_WHAT TO PRODUCE_
Pictures should be omitted from your copy. Everything else in the entries below must be restated word for word.

_SUPPLIED MATERIAL_
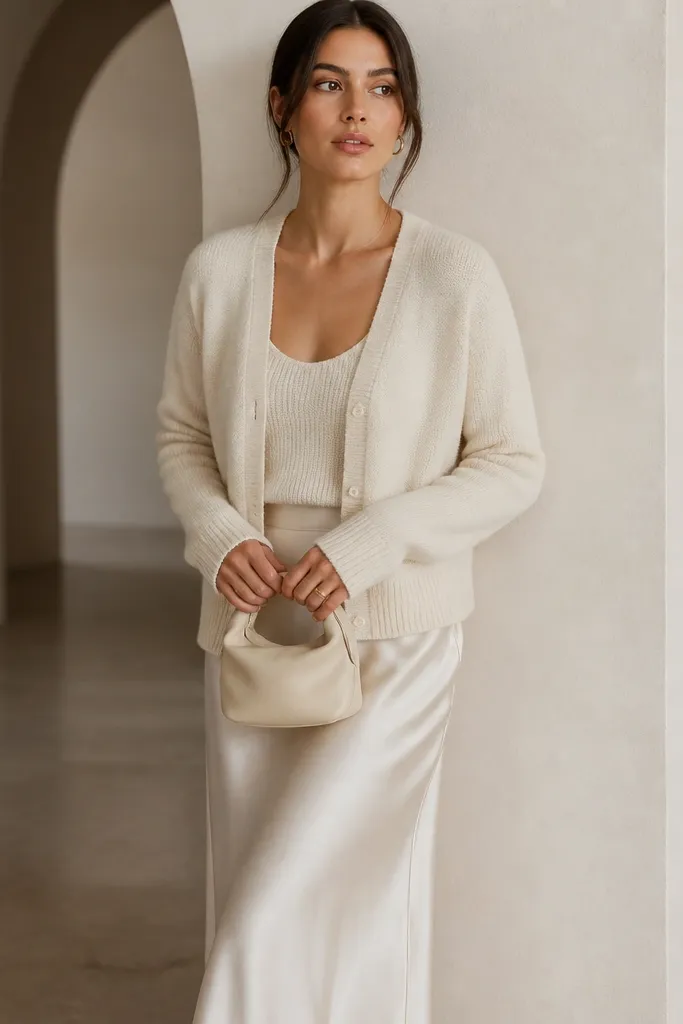 A cream knit cardigan worn over a matching knit top, paired with a satin midi skirt in soft ivory. The model wears gold hoops and a small cream bag.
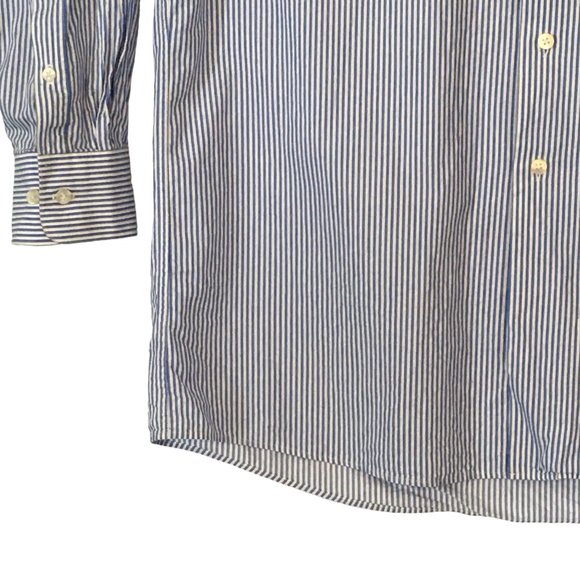 Calvin Klein Mens Blue White Pin Striped Dress Shirt, Button Front 16 32/33 - Picture 3 of 7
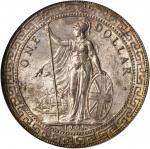 1908-B年英国贸易银元站洋一圆银币。PCGS MS-64.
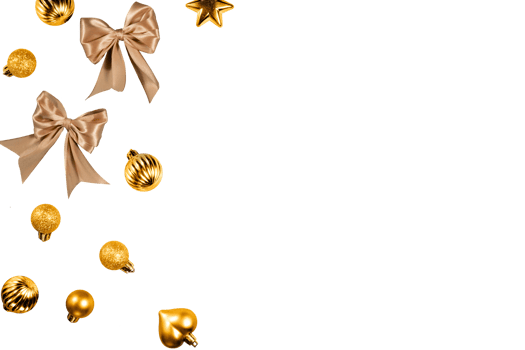 golden balls with ribbon for Christmas banner decoration png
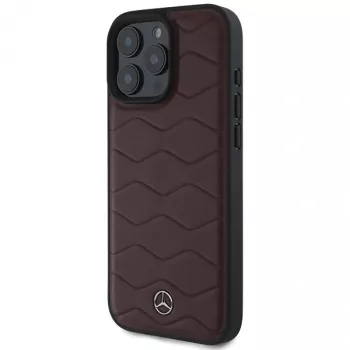 Mercedes-Benz MB Waves kožené pevné pouzdro pro Apple iPhone 16 Pro Max 6,9 inch červené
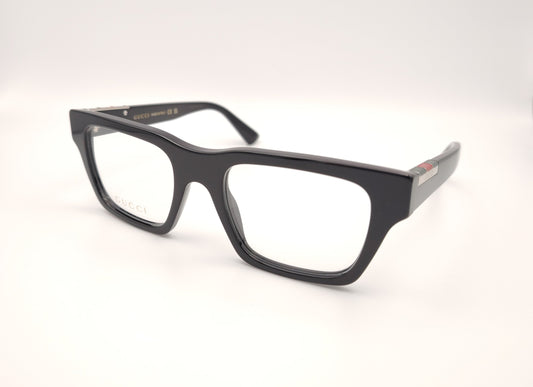 gafas gucci gg1889o 001 rectangulares en acetato negro con detalle metálico en varilla

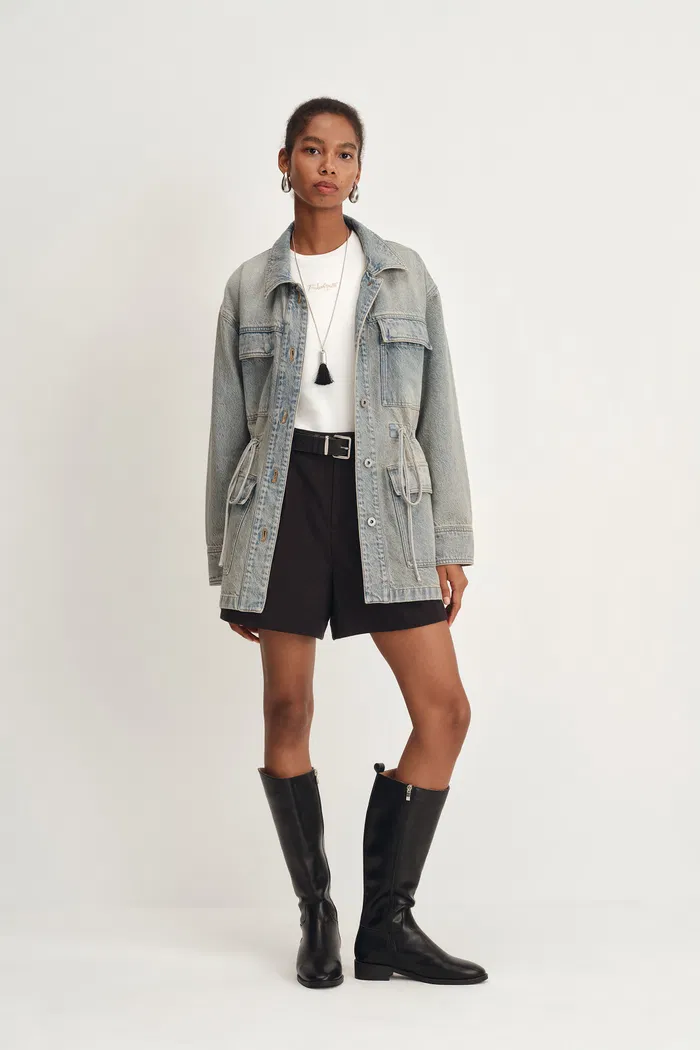 Esme Safari Style Drawstring Jacket in Cotton Denim - Image 5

_ANSWER BOX_
 A cream knit cardigan worn over a matching knit top, paired with a satin midi skirt in soft ivory. The model wears gold hoops and a small cream bag.
 Calvin Klein Mens Blue White Pin Striped Dress Shirt, Button Front 16 32/33 - Picture 3 of 7
 1908-B年英国贸易银元站洋一圆银币。PCGS MS-64.
 golden balls with ribbon for Christmas banner decoration png
 Mercedes-Benz MB Waves kožené pevné pouzdro pro Apple iPhone 16 Pro Max 6,9 inch červené
 gafas gucci gg1889o 001 rectangulares en acetato negro con detalle metálico en varilla

 Esme Safari Style Drawstring Jacket in Cotton Denim - Image 5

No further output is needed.